I got another interview on Wednesday so after this event I am really excited about another chance at rejection. This one at least will be closer to drive to. But it is basically the same type company that I went to today so hopefully I learned from todays answers to make sure I do not use the same ones. Now I just have to hope they ask the same type questions. This is going to be a long few days ahead. And this not having a job is not helping my confidence any.
I believe that my friends could really care less what goes on in my life. I sent out emails and while I got replies to the first email I got none from the second one. Why should I be surprised by that. They all have their own lives to live. Most of them have their own children now. And well most if not all are just not as close to me as they once were. Life does that to people. You are never as close to your friends as you are now. Because time will eventually cause every friendship to change in ways that we never see coming. In the end friendships are not made to last forever like we all believe they are suppose to be. So needless to say my friends could really care less about me. I get those "token" emails asking how things are going. But like when you pass someone on the sidewalk and ask how they are doing you are already walking past them before you can hear their answer. In the end you really did not care how their day was going you just felt like it was needed to be said in that situation.
So while I have never left the feelings of self-hatred behind they are back next to me again tonight. The feeling of failure is not far behind and should be arriving soon. Depression is my consent friend who never leaves me even though I ask for it too. The cutmiser is probably a day or two behind but if things work out according to plan it should arrive Wednesday afternoon or night. The cutmiser is planning a slice and dice party that night. He already used worthless on the last party. So I am guessing it will probably be something different this time around. Maybe just lines to show the sorrow that my life reflects in the mirror. When I look in the mirror I no longer see a man looking back at me. Instead I see a person who is no longer associated with me. That person is not the person I knew from the past. This person is more of a loser, a failure, a waste of life, and worthless. No good to anyone muchless himself.
So I am struggling with thoughts that I am not sure a Christian should have. I am also trying not to explode with my emotions. I kept all my emotions inside me my whole life. And for the most part that was easy to do. When everything goes right in your life it is easier to just let those emotions roll off your chest. But as things start going wrong then those emotions start to build up inside you. No longer do they just roll off but instead they keep getting bigger and bigger until it just overflows out of you. Well I am trying to hold those emotions in but little by little they are coming out through my cutting. It allows me to shift from the pain my life is causing me and focus more on the cutting and the pain that comes from that. It is a stress, trapped, and whatever feeling reliever. But the thoughts I am struggling with are more of suicide and depression. Do Christians have those thoughts or am I the only one.
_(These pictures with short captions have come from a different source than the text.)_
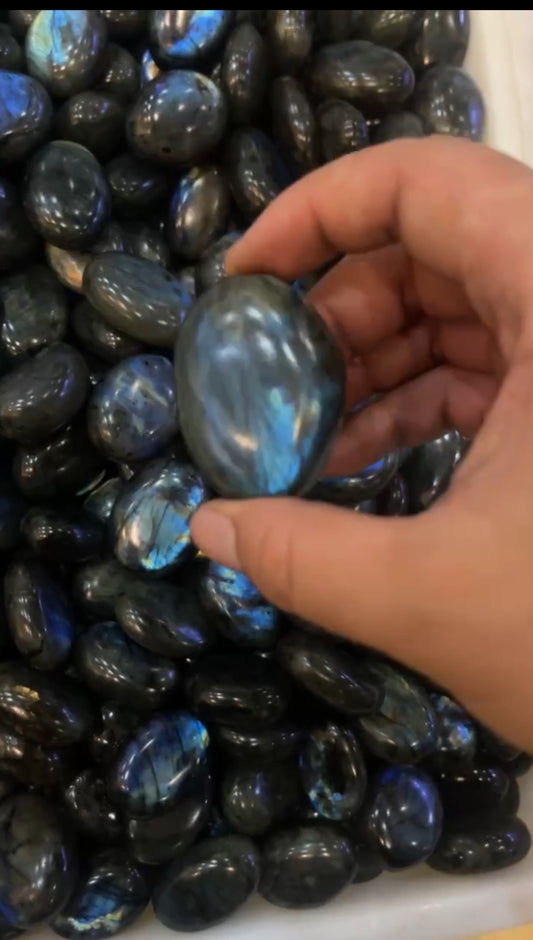 Labradorite puff oval assorted size "A Grade"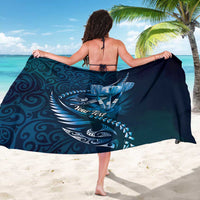 Personalised All Blue New Zealand Darts Sarong Aoteroa Fern Maori Galaxy Style LT14 - Polynesian Pride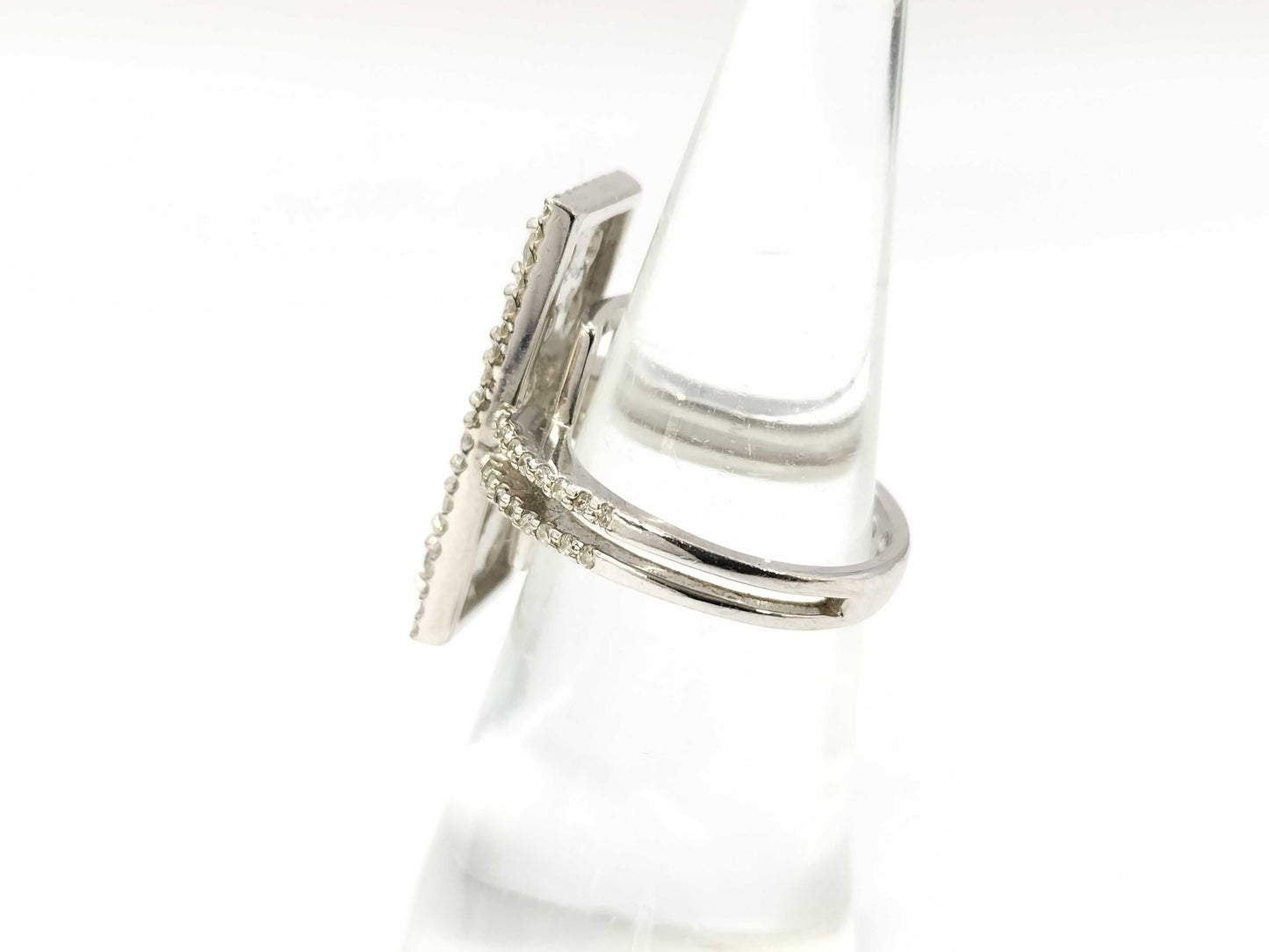 D2.00ct K18WG 9.5g Ring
Do Christians that have those thoughts mean that maybe they are not really Christians at all but posers. Maybe I am living a lie. Posing as a Christian when in reality I am struggling with those thoughts because I am not really a Christian at all.
I keep praying for help and maybe it is there or coming but I do not see it yet myself. I see no future ahead of me. All I see is darkness. My choices are horrible and my life is going into the shitter. I can not seem to please God with my choices and I would not blame Him for hating me as well. I am not only a sinner but a repeat offender on many accounts. I wish I could stop my bad choices but they just come to me so easily and quickly for that matter. Once I realize what happened it is sometimes too late to change anything. I pray for forgiveness but end up making the same mistakes a day or two later. It drives me crazy and I can only imagine what it is driving Jesus too. He has to be thinking when will this person ever get it. I doubt if I ever will. It seems like I am just destin to make choices that are not perfect.
Off the soapbox and moving on to my evening where I am doomed probably to another night of not much sleep.